Once it did get near to release though the hype did start affecting me a little and I did reconsider it enough to check out the score on IMDb: 7.6/10 — pretty high for IMDb! So I thought maybe I should try and keep an open mind.
I’m glad I did, because this was a pretty enjoyable movie. Not perfect, but I think the Wachowski Brothers captured the style of the novel quite effectively.
Somewhat surprisingly for an American movie they kept the British setting and didn’t introduce too many appalling British stereotypes (“Tally ho chaps, looks like those bally Americans have gone and saved the day again. Anyone for tea?” — Independence Day). Even the dodgy-looking London pub scene seemed pretty authentic in fact! The references to the war against terror, government oppression, rule by fear etc. were a little heavy-handed but still done well enough to strike a chord.

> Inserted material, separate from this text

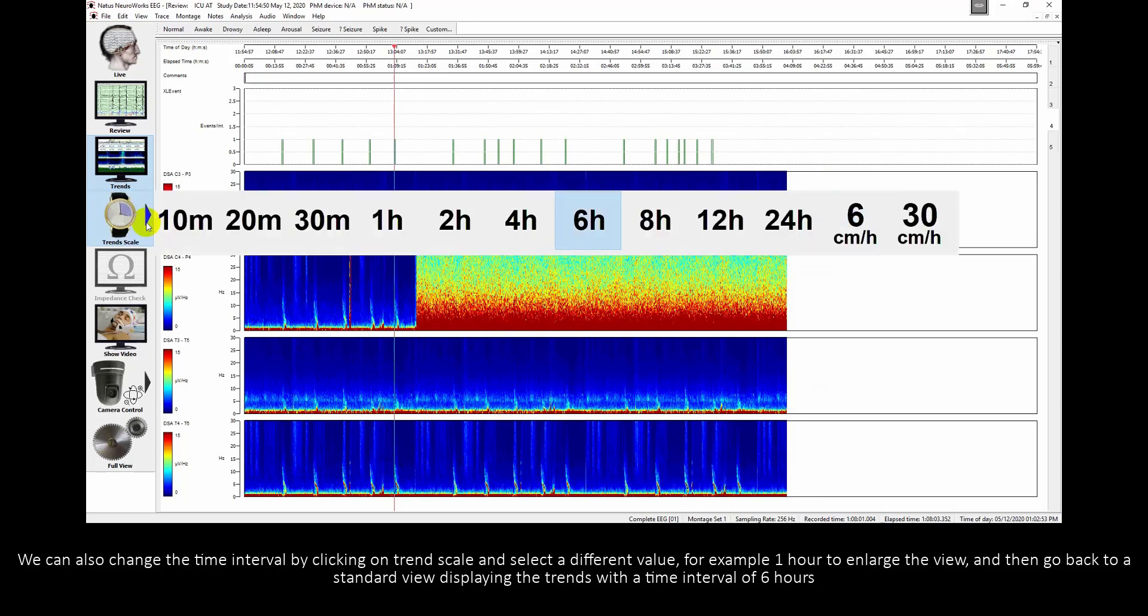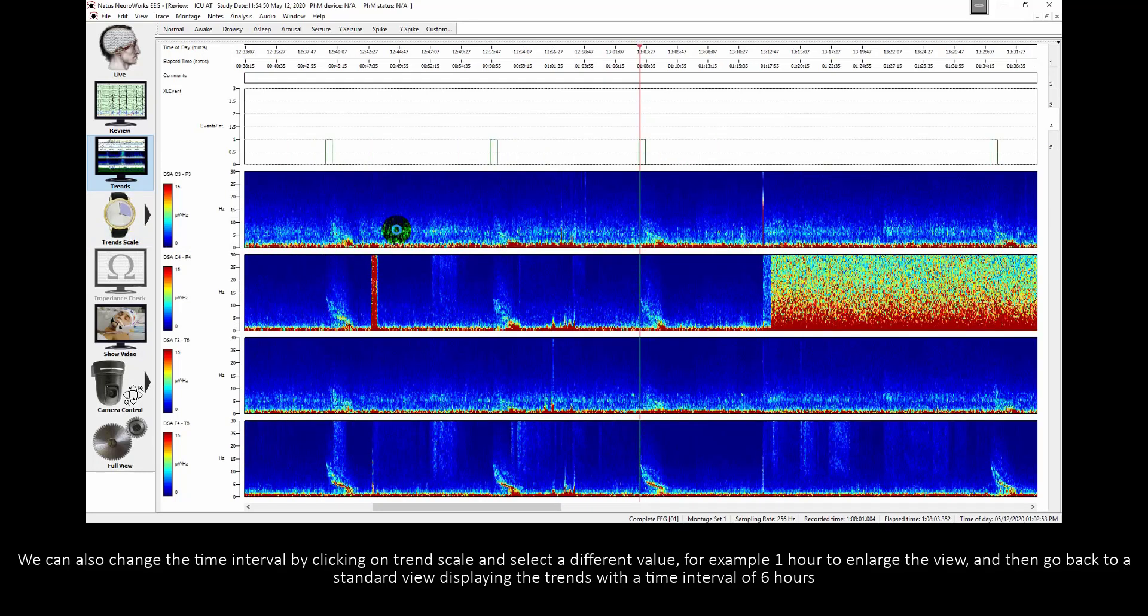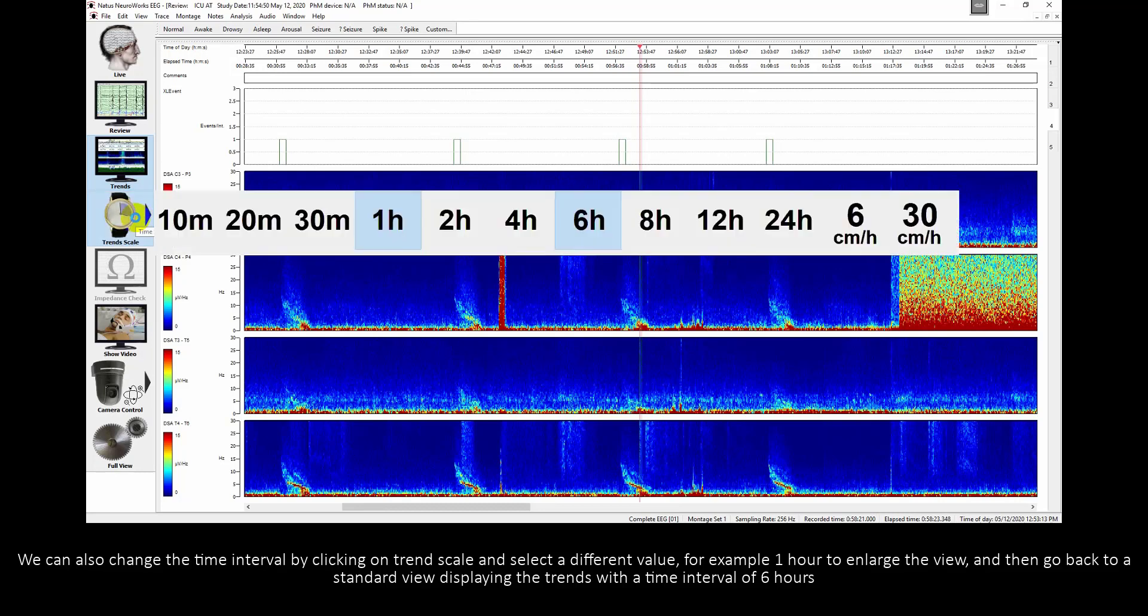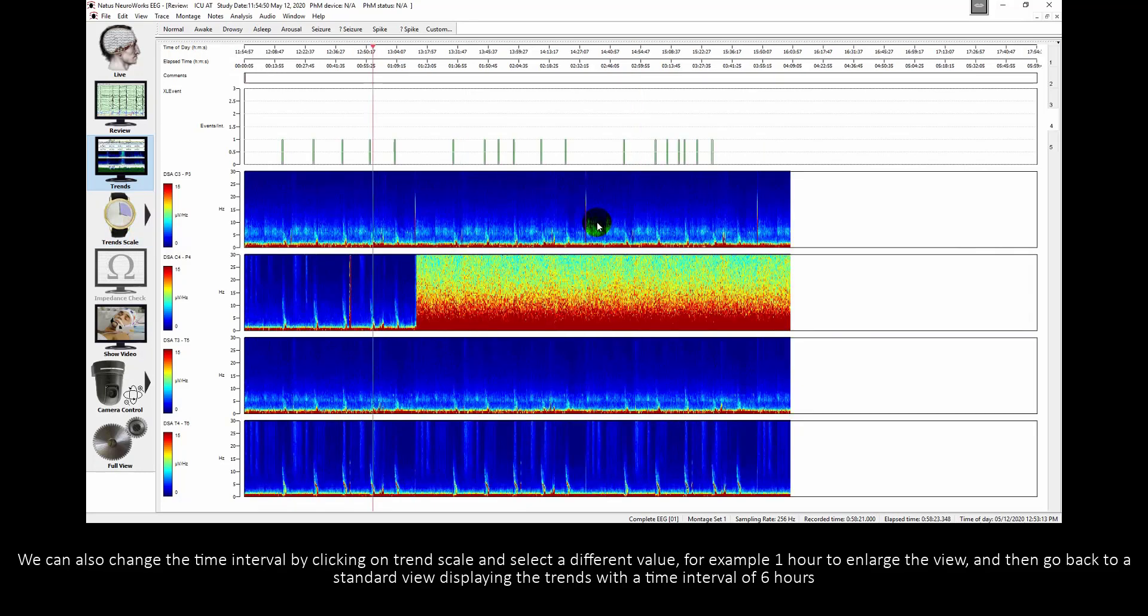We can also change the time interval by clicking on Trend Scale and select a different value. For example, one hour to enlarge the view, and then go back to a standard view displaying the trends with a time interval of 6 hours.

I felt the pace of the film slumped very slightly in the middle, but I was not bored at any point. Hugo Weaving did very well to put the character across without any facial expressions to make use of, and there were excellent performances from Natalie Portman, Stephen Rea and Stephen Fry. Stephen Rea in particular is one of my favourite underrated actors.
I would give this movie 7/10; just try and see it somewhere less expensive than High Street Kensington (£10)!
PS Today, London has the highest concentration of CCTV cameras in the world.